The Saudis and Emiratis, said Andrew Bowen, a visiting fellow at the conservati­ve American Enterprise Institute, “saw this as a key moment after Trump’s visit to bring Qatar to heel”. According to a leading Emirati journalist, officials in Abu Dhabi want to extract huge concession­s from Doha, including the shuttering of Qatari media outlets abroad and the abandoning of Qatar’s independen­t foreign policy.

What’s at stake?

It’s hard to gauge what happens next. Two GCC countries caught in the middle of the spat — Oman and Kuwait — may try to exert what limited clout they have to push for a compromise. The US could do so as well, given that the sprawling alUdeid air base on Qatari soil is a pivotal staging ground for US counterter­ror operations. Beyond US support, Qatar has significan­t fiscal reserves, retains the political support of the Turkish Government and is a key energy partner for countries like Russia and China. The Saudis and Emiratis may realise that isolating Qatar is no easy feat.

“They think they can strangle Qatar and get it to capitulate,” said Theodore Karasik, a senior analyst at Gulf State Analytics, to BuzzFeed News. “This could backfire on them completely.

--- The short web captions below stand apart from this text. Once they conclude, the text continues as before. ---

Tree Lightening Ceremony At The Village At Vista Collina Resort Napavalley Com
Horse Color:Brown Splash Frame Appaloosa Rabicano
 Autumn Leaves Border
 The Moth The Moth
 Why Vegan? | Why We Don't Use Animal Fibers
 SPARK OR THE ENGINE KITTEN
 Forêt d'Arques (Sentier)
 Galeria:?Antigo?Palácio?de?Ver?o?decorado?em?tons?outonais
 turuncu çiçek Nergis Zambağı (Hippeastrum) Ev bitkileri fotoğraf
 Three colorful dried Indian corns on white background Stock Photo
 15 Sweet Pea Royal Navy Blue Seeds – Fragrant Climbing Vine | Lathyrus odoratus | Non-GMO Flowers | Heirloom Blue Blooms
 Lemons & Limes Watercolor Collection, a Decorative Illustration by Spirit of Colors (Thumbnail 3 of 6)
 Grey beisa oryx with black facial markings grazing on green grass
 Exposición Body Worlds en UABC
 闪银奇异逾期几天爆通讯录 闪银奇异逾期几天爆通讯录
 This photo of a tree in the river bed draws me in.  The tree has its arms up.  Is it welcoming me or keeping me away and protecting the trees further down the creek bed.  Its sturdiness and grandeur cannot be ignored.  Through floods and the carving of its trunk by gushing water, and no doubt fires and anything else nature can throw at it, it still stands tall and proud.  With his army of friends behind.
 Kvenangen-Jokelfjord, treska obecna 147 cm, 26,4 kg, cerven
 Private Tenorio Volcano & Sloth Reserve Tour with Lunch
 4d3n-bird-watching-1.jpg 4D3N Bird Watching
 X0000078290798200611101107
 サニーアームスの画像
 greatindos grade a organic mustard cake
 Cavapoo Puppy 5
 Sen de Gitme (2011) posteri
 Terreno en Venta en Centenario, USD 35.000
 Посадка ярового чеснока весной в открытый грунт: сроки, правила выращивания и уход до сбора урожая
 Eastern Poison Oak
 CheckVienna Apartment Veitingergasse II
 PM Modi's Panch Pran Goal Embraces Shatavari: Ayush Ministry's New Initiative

The number one problem is that it will force Qatar to seek new security partnershi­ps with Turkey. Doha can also turn to Iran.”

“I do worry that they’re going to misjudge each other’s positions, which could lead to this conflict taking a little bit longer to play out,” Bowen told the Washington Post.

The spat also dramatises the complexity of the divisions in the Middle East, which commentato­rs in the US often try to reduce to a simple binary between a Sunni Arab-bloc led by Saudi Arabia and Shia Iran.

“The tension between Qatar and its neighbours shows that the old geopolitic­al lines can no longer explain the Middle East,” wrote Hassan.

It remains to be seen how Trump, who exulted in his grand, lavish reception in Riyadh, will reckon with this challenge. After all, the White House insisted the President had “united the entire Muslim world in a way that it really hasn’t been in many years”, as one Trump aide put it last month. This week’s events show how laughably false that assertion was.